Mungkin kurang lebih mirip seperti perasaan bahagia yang timbul setelah kita berbuat baik kepada orang lain–entah itu menyempatkan diri untuk mendengar curhat seorang teman, mengikhlaskan sebagian dari harta untuk orang yang lebih membutuhkan, atau sekedar menahan diri dari mengucapkan kata-kata yang menyakitkan hati seseorang. Tidak peduli berapa angka berat badan saat itu, setiap kali saya melakukan hal-hal yang menyuarakan kebaikan di dalam hati nurani seperti hal-hal tadi, saya selalu merasa bahagia. Dan sejauh ini, saya belum pernah menemukan orang yang tidak merasakan yang hal serupa.
Buat saya, berolah raga adalah satu aksi kebaikan yang saya lakukan untuk diri saya sendiri.
Kurang lebih, begitulah sensasi yang muncul di dalam diri saya setiap kali saya selesai berolah raga. Buat saya, berolah raga adalah satu aksi kebaikan yang saya lakukan untuk diri saya sendiri. Hanya dengan melakukannya saja–tanpa harus mengukur reward yang saya terima–saya sudah merasa bahagia.
Ketika menjawab pertanyaan dari teman saya itu, saya menyampaikan satu kesimpulan sederhana:
“Karena olah raga selalu berhasil membuat saya bahagia, dan itulah cara yang saya pilih untuk membahagiakan orang lain–dengan mengajak mereka untuk mencoba berolah raga.”
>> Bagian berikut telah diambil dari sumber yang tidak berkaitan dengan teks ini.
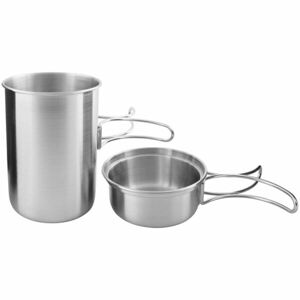 Tatonka HANDLE MUG 850 SET Nádobí, stříbrná, velikost UNI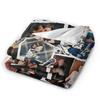 off campus Hannah and Garrett  Blanket Cover  Flannel Throw Blanket Bedding Couch Decoration Soft Warm Bedsprea,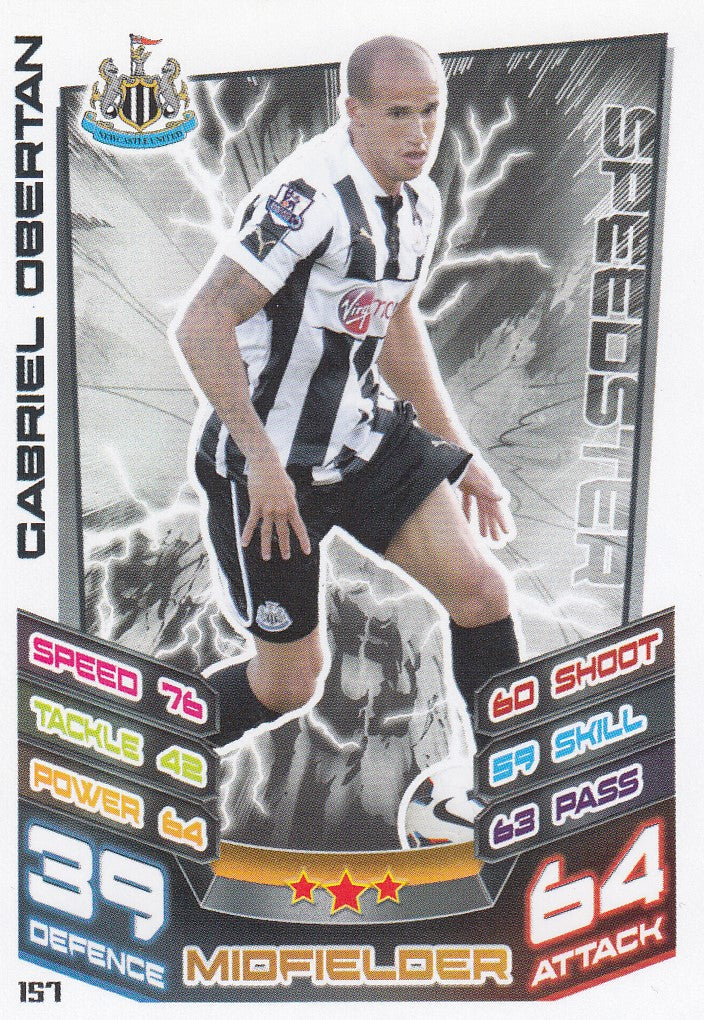 157. GABRIEL OBERTAN - NEWCASTLE UNITED - SPEEDSTER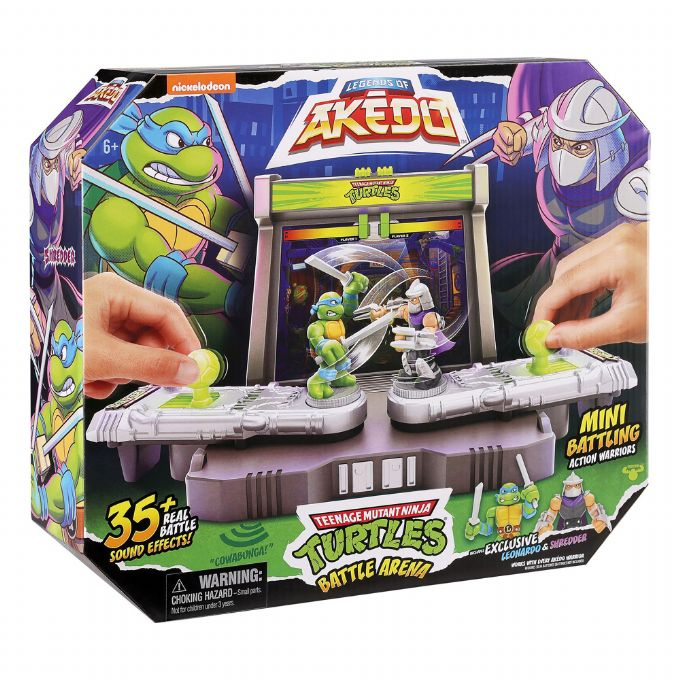 Akedo Ninja Turtles Kamparena Playset version 2
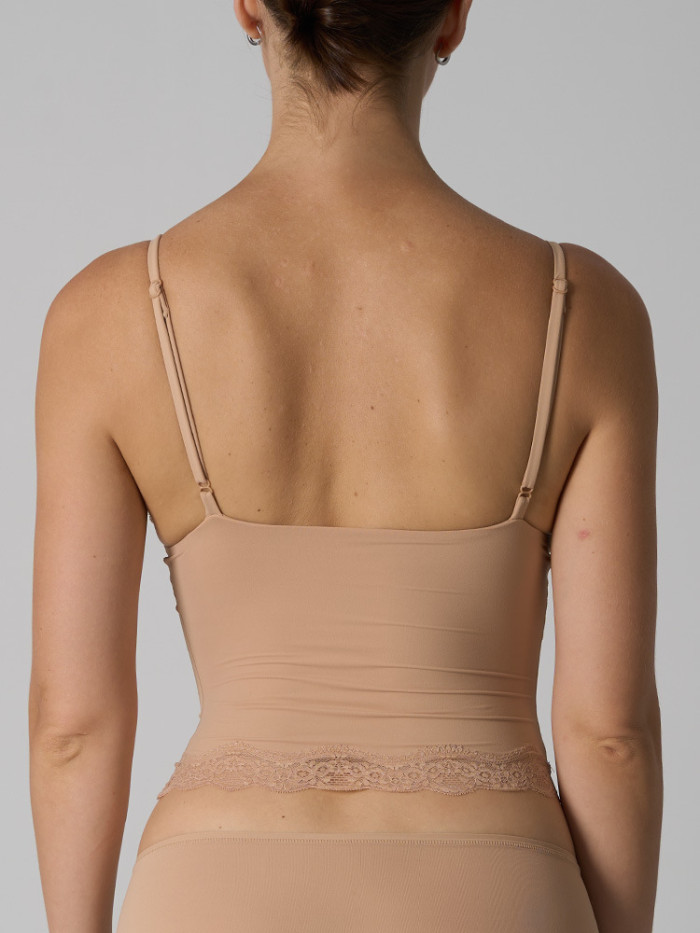Wholesale Sexy Deep V Camisole - Adjustable Straps Super Stretchy Lightweight Skin-Friendly Lace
Entah apakah penjelasan itu terdengar masuk akal baginya atau tidak, tapi menurut saya, jawaban itulah yang bisa merangkum seluruh rentetan keputusan-keputusan yang saya ambil sampai saya menjadi seperti sekarang dan melakukan apa yang saya kerjakan sekarang.
Saya hanya terus membayangkan betapa dunia akan menjadi indah jika dihuni oleh manusia-manusia yang bahagia. Mungkin ini terdengar seperti mimpi, tapi saya ingin membuat orang lain bahagia melalui cara yang saya tahu selalu berhasil membuat saya bahagia. Karena saya yakin manusia yang bahagia akan berpikir lebih banyak sebelum memutuskan untuk melukai perasaan manusia lainnya, mengambil apa yang tidak menjadi haknya, atau melakukan hal-hal lain yang membuat orang lain merasa tidak bahagia.